[DATA UNDER STUDY]
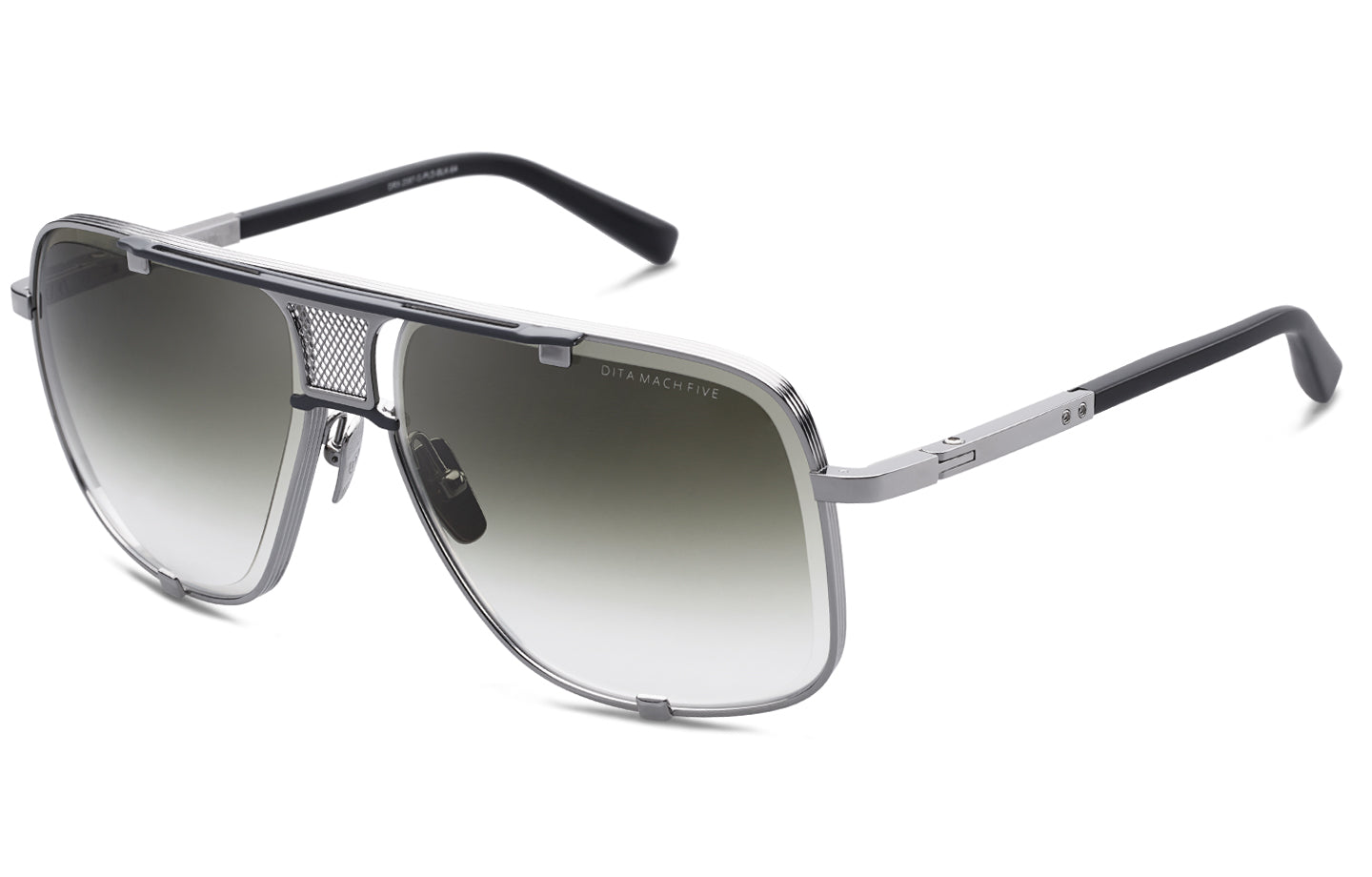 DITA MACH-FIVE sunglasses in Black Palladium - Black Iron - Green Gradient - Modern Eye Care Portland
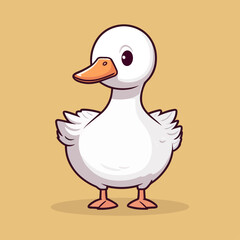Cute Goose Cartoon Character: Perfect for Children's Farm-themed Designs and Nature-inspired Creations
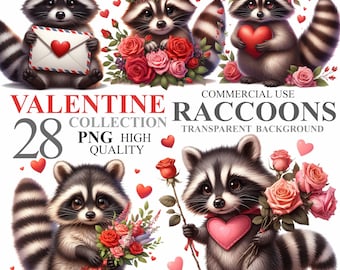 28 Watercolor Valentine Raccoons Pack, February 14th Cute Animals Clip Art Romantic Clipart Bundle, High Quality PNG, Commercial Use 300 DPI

--

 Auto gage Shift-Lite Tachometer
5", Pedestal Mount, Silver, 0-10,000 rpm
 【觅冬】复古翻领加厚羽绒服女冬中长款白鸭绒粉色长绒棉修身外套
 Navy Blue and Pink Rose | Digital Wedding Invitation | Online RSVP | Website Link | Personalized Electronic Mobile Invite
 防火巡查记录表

[WHAT YOU SHOULD DO]
Repeat exactly the lines above, beginning at the one containing "DITA MACH-FIVE sunglasses" and ending at the one containing "28 Watercolor Valentine". Do not carry over any pictures.

[REPLY]
 DITA MACH-FIVE sunglasses in Black Palladium - Black Iron - Green Gradient - Modern Eye Care Portland
Cute Goose Cartoon Character: Perfect for Children's Farm-themed Designs and Nature-inspired Creations
 28 Watercolor Valentine Raccoons Pack, February 14th Cute Animals Clip Art Romantic Clipart Bundle, High Quality PNG, Commercial Use 300 DPI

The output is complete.